I told him that I was an architect who had stayed on in Europe after the last war, working in many different countries. I had built the Bulkagov People’s Recreation Center in Moscow, several housing projects in Cologne and Berlin under the Republic, and a number of public and private buildings in France. My wife had died in France in the second year of the war. The strain of living on short rations under the occupation had proved too much for her delicate health. I had been interned briefly by the Germans in a fairly agreeable concentration camp, had eventually been shipped home on exchange where I had begun the endless process of returning as part of America’s vast war machine.

Chandler listened to my recital without interrupting, but I could feel his concentrated attention even in the darkness. As I grew to know him in the months that were to be so terrible for him I found this one of his most remarkable characteristics—his profound and genuine interest in the people about him.

As I finished he pulled out a cigarette, hesitated as he realized where he was, muttered Damn, and pushed it back into his pack.

So I guess you have a good many reasons for wanting to get back, he said.

I guess all of us have our reasons.

Do you think so? I have, of course. I know Europe pretty well, too, and I’ve seen what the Nazis have done, even to the people at home. But there’re plenty of boys who’ve come along for the ride because they have to, and that’s just about all it means to them.
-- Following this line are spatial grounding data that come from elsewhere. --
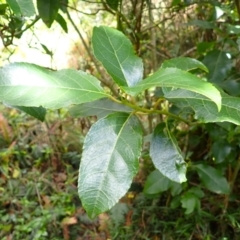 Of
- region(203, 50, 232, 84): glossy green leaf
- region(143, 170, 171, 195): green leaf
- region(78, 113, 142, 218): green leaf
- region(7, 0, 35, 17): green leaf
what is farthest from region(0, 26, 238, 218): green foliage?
region(143, 170, 171, 195): green leaf

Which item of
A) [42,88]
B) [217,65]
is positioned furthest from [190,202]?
[42,88]

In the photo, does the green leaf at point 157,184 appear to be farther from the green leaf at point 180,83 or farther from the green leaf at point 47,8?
the green leaf at point 180,83

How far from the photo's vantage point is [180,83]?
512 millimetres

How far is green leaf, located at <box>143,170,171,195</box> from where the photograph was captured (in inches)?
58.0

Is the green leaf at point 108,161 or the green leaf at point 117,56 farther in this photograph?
the green leaf at point 117,56

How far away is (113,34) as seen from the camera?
29.8 inches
Yes, well, I imagine they’ll have plenty of opportunity to find out as they go along.

Yes, I suppose they will.

We went to sleep then, our balloon riding stealthily above us in the sky.


I saw a lot of Chandler during the rest of the trip. When I’d had a good look at him the next morning I saw that he was not remarkable looking. He was, rather, what we like to think of as typically American. He had a broad Nordic face with a rather blunt nose. His mouth was full but strong, in a way that is supposed to indicate sensuality but rarely does. He had light brown hair, streaked with gold by the sun, that sprang with a slight wave from a broad low forehead. His eyes, however, were unusual—set wide apart, which gave him a straightforward look, but faintly shadowed under straight brows, and very large. They were expressive eyes, deep and attentive, but, though he laughed easily, his eyes never smiled.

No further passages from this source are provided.